La desolación de Jean Palette en su Andanada de los nihilistas rusos
José Antonio Martínez Climent
El entusiasmo es a veces un mal amigo, cuando no sabe moderarse y conducirse y permanece así, álgido, suspendiendo obligaciones, deberes, libros por leer e incluso demorando el pago de facturas al dictar el orden de nuestros días con sus llamadas y apremios.
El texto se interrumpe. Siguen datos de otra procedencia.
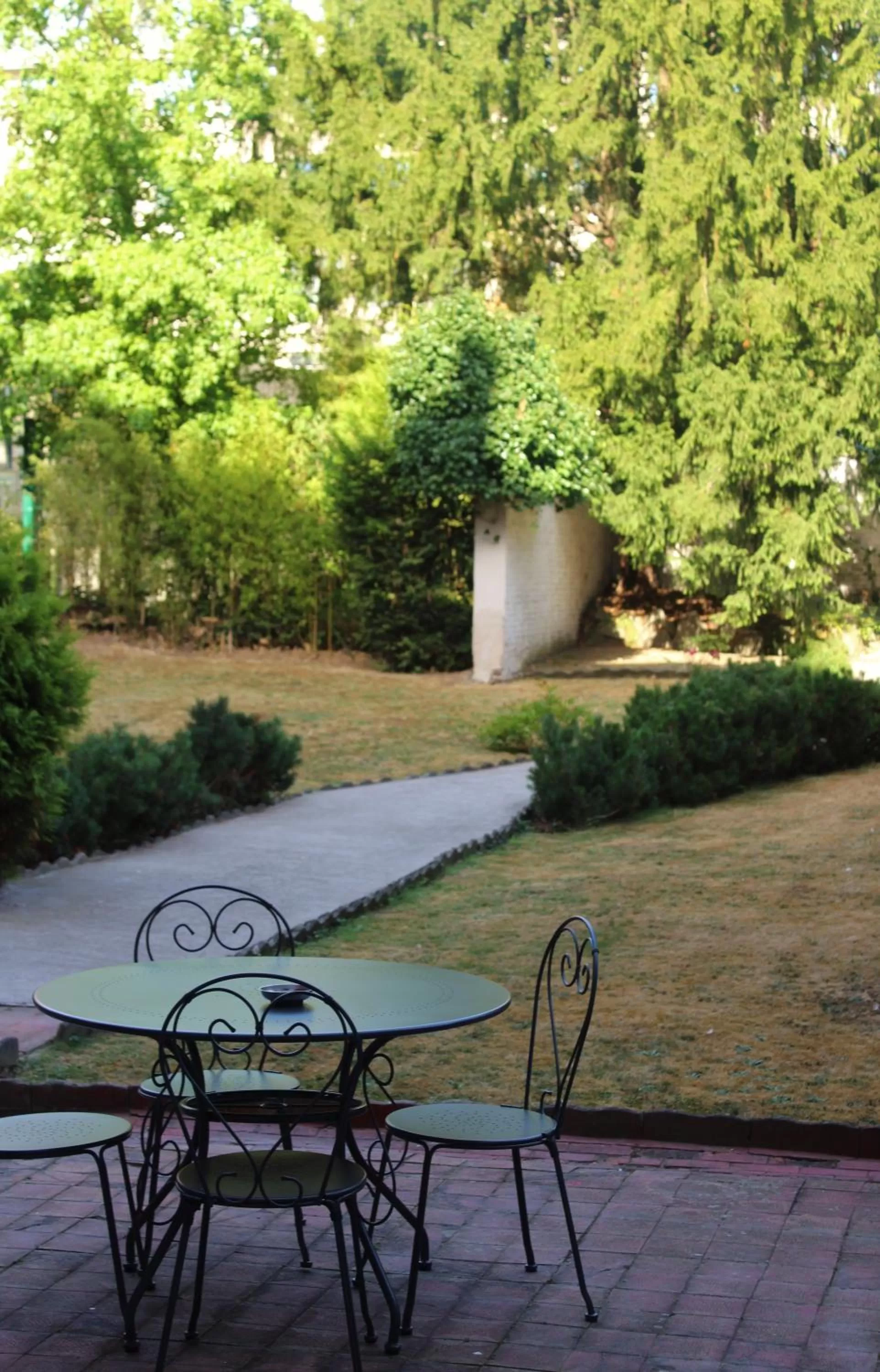 Garden view in MAS Aparthotel EU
Ésta no es la primera vez que uno queda tomado por algo que encuentra por azar en el seco camino que por lo general nos es dado desandar, pues la vida es un siempre ir hacia atrás, hacia esa puerta de entrada que es morir. Y añado que pobre de aquél que no se deje conducir por el entusiasmo, pues conocerá una sed que nada saciará. Ni días, ni trabajos, ni dineros, ni penurias o dolores, ni altas comodidades o terribles descensos; ni siquiera esos viajes, hoy obligatorios, que hacen del mundo un lugar sin latitud ni longitud, y de Phileas Fogg un sedentario impenitente, darán cuidado y alivio a esas almas resecadas por el demonio de la neutralidad. Lo neutro es el centro, el lugar donde no hay nada porque no tiene más que una pura existencia cartográfica, mudable según orbite todo a su alrededor. El centro no admite a nada más que su neutro y vacuo existir. No es ése nuestro destino: ya la propia construcción del arranque de este párrafo, apelando a un agente exterior (quedar tomado), nos delata como paganos irreductibles, como imposibles centristas, y por ello susceptibles a todo tipo de intervenciones misteriosas. El día menos pensado veremos ninfas en el Pisuerga.
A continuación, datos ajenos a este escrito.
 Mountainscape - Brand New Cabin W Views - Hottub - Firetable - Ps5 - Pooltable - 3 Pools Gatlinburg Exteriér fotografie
Una vez admitido mi entusiasmo por la lectura de las notas de Jean Juan Palette, escribano táurico que, junto a tantos otros escritores, tenía arrinconado en una lista de espera absurdamente larga a causa de las trabas que el siglo derrama sobre nosotros con ecuménica maldad, sólo me resta ahondar hasta donde él me lleve, y confiar en que siga escribiendo. Como no tengo el gusto de conocerlo en persona, siempre podré escudarme en un cierto academicismo para alabar su penetración en los asuntos de la Plaza, o esas ligazones austeras, finiseculares, que hace entre una Europa en Fuga y el Toro del que huye a toda prisa; ese mismo toro en cuyo lomo sentó una vez su menudo y alarmante cuerpo de princesa fenicia para cumplir lo que dictaba la faja zodiacal, la Constitución de los antiguos.
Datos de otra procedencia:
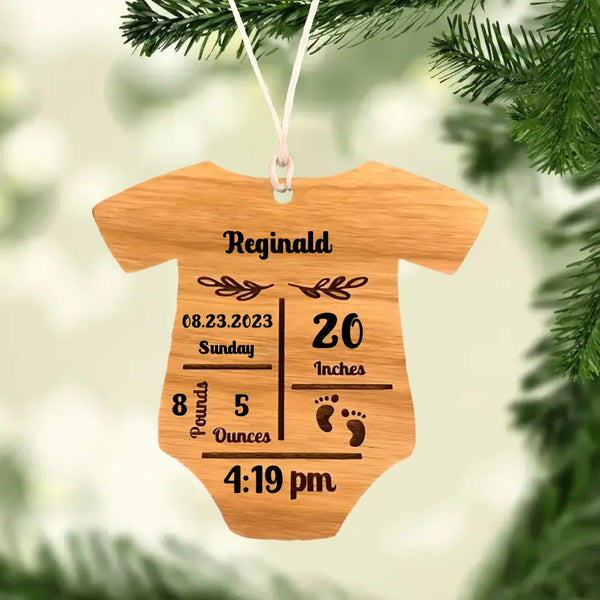 Baby Onesie Holzgraviertes Ornament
Pero no decaigamos. El día menos pensado una Bestia en forma de niña nos clavará sus cuernas de oro con sólo mirarnos desde la ventanilla de su cochecito eléctrico, frio (¿cómo será el París de las futuras nouvelles vagues, sin cigarrillos, sin el humo de los coches en los planos de la madrugada?). O puede que no, y en ese caso rezaremos para que sea cierto que los dioses, también las diosas, no desaparecen, sino que se ocultan de los hombres que no merecen rendirles culto. Finisecular: hoy todo es finisecular. No en vano me recuerda lo que leo en Jean a un solio nocturno y aureliano, pero privado de esa taciturna melancolía del romano que, al cabo, siempre me resultó cansina.